Sin duda, la
parábola más cautivadora de Jesús es la del «padre bueno», mal llamada
«parábola del hijo pródigo». Precisamente este «hijo menor» ha atraído siempre
la atención de comentaristas y predicadores. Su vuelta al hogar y la acogida
increíble del padre han conmovido a todas las generaciones cristianas.
Sin embargo, la
parábola habla también del «hijo mayor», un hombre que permanece junto a su
padre, sin imitar la vida desordenada de su hermano, lejos del hogar. Cuando le
informan de la fiesta organizada por su padre para acoger al hijo perdido,
queda desconcertado. El retorno del hermano no le produce alegría, como a su
padre, sino rabia: «se indignó y se negaba a entrar» en la fiesta. Nunca se
había marchado de casa, pero ahora se siente como un extraño entre los suyos.
El padre sale a invitarlo
con el mismo cariño con que ha acogido a su hermano.

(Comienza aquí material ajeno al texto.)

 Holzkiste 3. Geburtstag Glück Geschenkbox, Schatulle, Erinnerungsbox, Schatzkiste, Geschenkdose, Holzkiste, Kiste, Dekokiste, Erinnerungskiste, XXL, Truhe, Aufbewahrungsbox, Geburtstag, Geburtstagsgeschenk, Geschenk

No le grita ni le da
órdenes. Con amor humilde «trata de persuadirlo» para que entre en la fiesta de
la acogida. Es entonces cuando el hijo explota dejando al descubierto todo su
resentimiento. Ha pasado toda su vida cumpliendo órdenes del padre, pero no
ha aprendido a amar como ama él. Ahora solo sabe exigir sus derechos y denigrar
a su hermano.
Esta es la tragedia del
hijo mayor. Nunca se ha marchado de casa, pero su corazón ha estado
siempre lejos. Sabe cumplir mandamientos pero no sabe amar. No entiende el
amor de su padre a aquel hijo perdido. Él no acoge ni perdona, no quiere saber
nada con su hermano. Jesús termina su parábola sin satisfacer nuestra
curiosidad: ¿entró en la fiesta o se quedó fuera?
Envueltos en la crisis
religiosa de la sociedad moderna, nos hemos habituado a hablar de creyentes e
increyentes, de practicantes y de alejados, de matrimonios bendecidos por la
Iglesia y de parejas en situación irregular... Mientras nosotros
seguimos clasificando a sus hijos, Dios nos sigue esperando a todos, pues
no es propiedad de los buenos ni de los practicantes. Es Padre de todos.
El «hijo mayor» es una
interpelación para quienes creemos vivir junto a él. ¿Qué estamos haciendo
quienes no hemos abandonado la Iglesia? ¿Asegurar nuestra supervivencia
religiosa observando lo mejor posible lo prescrito, o ser testigos del amor
grande de Dios a todos sus hijos e hijas? ¿Estamos construyendo
comunidades abiertas que saben comprender, acoger y acompañar a quienes buscan
a Dios entre dudas e interrogantes? ¿Levantamos barreras o tendemos puentes?
¿Les ofrecemos amistad o los miramos con recelo?